▶ **EXTRACTED ENTRIES**
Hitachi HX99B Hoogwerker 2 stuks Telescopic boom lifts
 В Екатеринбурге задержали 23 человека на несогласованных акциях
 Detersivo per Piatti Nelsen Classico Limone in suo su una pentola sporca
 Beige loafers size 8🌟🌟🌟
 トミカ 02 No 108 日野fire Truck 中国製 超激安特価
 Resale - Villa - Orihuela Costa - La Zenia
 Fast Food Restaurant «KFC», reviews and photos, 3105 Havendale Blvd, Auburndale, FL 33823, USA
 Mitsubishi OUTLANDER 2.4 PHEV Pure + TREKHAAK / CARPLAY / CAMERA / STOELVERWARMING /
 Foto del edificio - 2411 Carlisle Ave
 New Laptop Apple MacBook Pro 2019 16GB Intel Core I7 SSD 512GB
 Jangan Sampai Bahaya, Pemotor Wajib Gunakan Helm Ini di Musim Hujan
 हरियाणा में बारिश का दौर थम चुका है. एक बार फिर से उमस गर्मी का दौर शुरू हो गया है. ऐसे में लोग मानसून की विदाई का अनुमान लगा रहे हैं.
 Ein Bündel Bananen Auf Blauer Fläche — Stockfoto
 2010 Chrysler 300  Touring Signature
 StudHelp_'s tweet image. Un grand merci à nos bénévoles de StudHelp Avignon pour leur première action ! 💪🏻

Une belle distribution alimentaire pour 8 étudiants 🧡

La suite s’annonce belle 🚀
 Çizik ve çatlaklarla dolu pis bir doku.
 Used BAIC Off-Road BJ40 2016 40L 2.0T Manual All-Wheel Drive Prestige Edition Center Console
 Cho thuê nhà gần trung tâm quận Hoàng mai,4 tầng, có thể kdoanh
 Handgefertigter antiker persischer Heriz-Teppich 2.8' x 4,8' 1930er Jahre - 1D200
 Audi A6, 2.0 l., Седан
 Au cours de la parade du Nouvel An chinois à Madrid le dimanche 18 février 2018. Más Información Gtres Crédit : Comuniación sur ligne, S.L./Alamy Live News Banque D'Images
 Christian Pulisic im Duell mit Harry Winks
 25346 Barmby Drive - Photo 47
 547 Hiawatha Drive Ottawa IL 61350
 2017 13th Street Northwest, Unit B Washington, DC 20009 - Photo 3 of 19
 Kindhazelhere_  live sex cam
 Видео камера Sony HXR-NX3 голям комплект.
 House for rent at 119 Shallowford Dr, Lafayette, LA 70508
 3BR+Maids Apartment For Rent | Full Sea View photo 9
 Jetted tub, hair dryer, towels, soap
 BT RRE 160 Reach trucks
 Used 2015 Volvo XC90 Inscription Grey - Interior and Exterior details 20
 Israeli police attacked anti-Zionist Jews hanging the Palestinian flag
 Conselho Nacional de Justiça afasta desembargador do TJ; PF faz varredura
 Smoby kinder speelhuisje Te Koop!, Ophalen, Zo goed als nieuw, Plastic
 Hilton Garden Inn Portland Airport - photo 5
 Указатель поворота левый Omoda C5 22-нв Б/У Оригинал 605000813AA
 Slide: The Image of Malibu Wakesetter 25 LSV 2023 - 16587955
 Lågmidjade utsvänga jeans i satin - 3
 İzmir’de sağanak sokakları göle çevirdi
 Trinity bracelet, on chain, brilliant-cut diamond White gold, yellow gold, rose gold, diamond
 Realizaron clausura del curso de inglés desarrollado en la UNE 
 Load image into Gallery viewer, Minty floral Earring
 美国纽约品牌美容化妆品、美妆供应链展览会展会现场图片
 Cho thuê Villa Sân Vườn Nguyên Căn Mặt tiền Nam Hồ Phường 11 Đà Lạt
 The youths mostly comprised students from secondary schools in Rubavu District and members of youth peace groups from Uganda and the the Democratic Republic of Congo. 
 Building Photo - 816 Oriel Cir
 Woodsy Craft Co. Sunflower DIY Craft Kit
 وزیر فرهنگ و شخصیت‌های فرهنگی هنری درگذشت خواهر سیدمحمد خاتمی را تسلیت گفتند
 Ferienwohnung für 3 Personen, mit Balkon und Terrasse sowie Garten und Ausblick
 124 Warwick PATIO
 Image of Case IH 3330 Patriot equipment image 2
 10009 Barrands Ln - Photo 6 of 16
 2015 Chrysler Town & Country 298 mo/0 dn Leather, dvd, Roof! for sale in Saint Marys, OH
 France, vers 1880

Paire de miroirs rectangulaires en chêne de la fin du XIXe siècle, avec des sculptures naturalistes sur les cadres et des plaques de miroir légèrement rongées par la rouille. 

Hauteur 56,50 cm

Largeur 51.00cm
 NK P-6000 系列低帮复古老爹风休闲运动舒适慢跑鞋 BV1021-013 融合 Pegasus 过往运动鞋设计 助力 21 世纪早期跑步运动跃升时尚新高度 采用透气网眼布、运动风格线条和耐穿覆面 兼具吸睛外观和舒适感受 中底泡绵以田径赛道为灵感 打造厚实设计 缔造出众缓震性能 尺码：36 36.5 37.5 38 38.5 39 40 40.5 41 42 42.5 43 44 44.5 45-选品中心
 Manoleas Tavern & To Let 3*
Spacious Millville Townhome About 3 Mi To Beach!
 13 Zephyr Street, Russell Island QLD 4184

▶ **EXERCISE**
Read the entries and show each line that mentions "Chrysler".

▶ **REPLY TO THE EXERCISE**
 2010 Chrysler 300  Touring Signature
 2015 Chrysler Town & Country 298 mo/0 dn Leather, dvd, Roof! for sale in Saint Marys, OH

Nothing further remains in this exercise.